- Pictogram for Nordic combined
- Venue: Pragelato
- Dates: February 11, 2006
- Competitors: 50 from 15 nations
- Winning time: 39:44.6

Medalists
- 1st place, gold medalist(s):  / Georg Hettich / Germany
- 2nd place, silver medalist(s):  / Felix Gottwald / Austria
- 3rd place, bronze medalist(s):  / Magnus Moan / Norway

= Nordic combined at the 2006 Winter Olympics – Individual Gundersen =

The Men's individual Gundersen Nordic combined competition for the 2006 Winter Olympics was held in Pragelato, Italy.

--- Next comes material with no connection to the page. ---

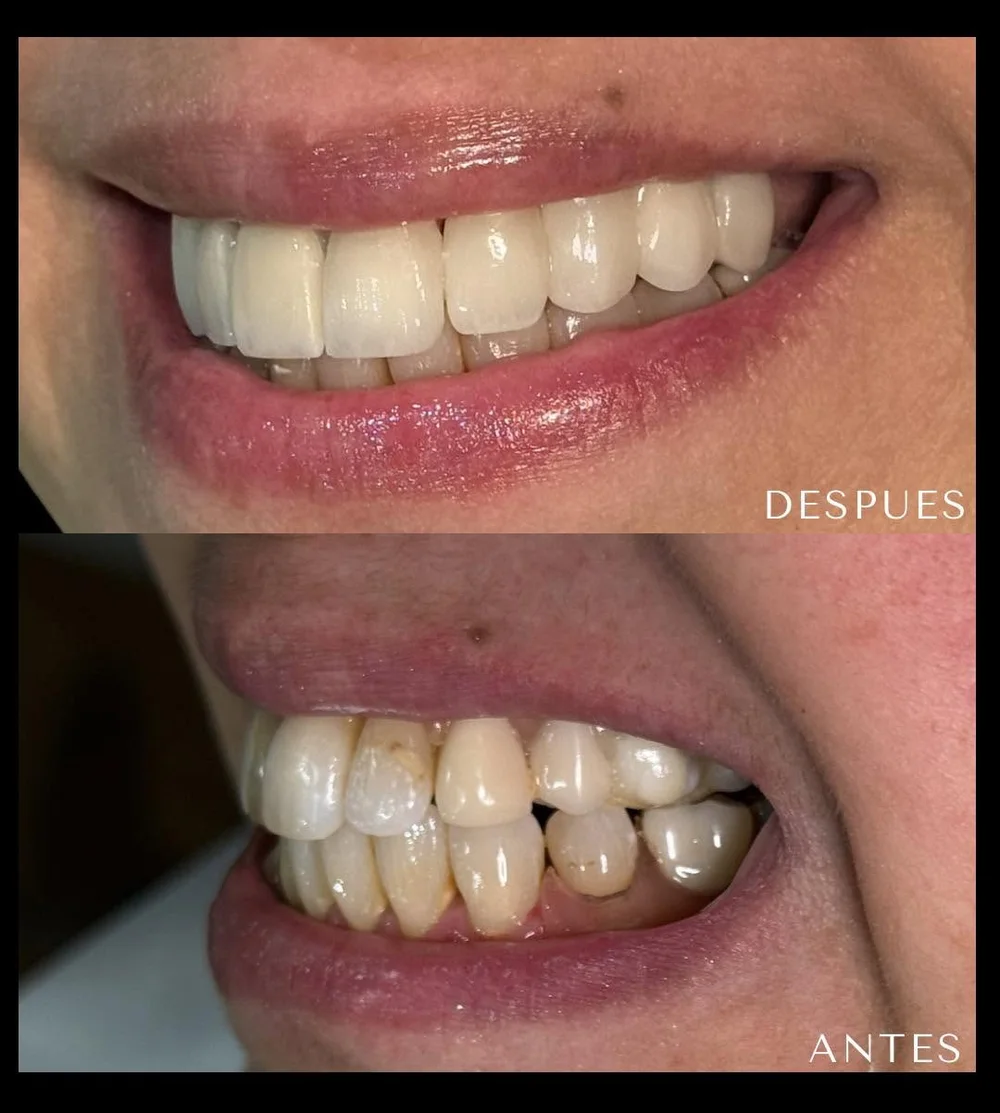 Smile design — before & after
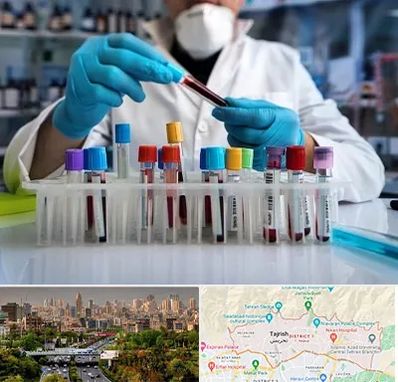 آزمایشگاه خون در منطقه 1 تهران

It took place on 11 February.

==Results==

===Ski Jumping===

Fifty athletes entered the ski jumping portion of the sprint; each made two jumps, which was judged in the same fashion as the Olympic ski jumping competition. The combined scores from these two jumps were used to calculate the deficit with which each athlete began the cross-country portion of the event. Each point behind the leading score of Georg Hettich was equivalent to four seconds of time deficit.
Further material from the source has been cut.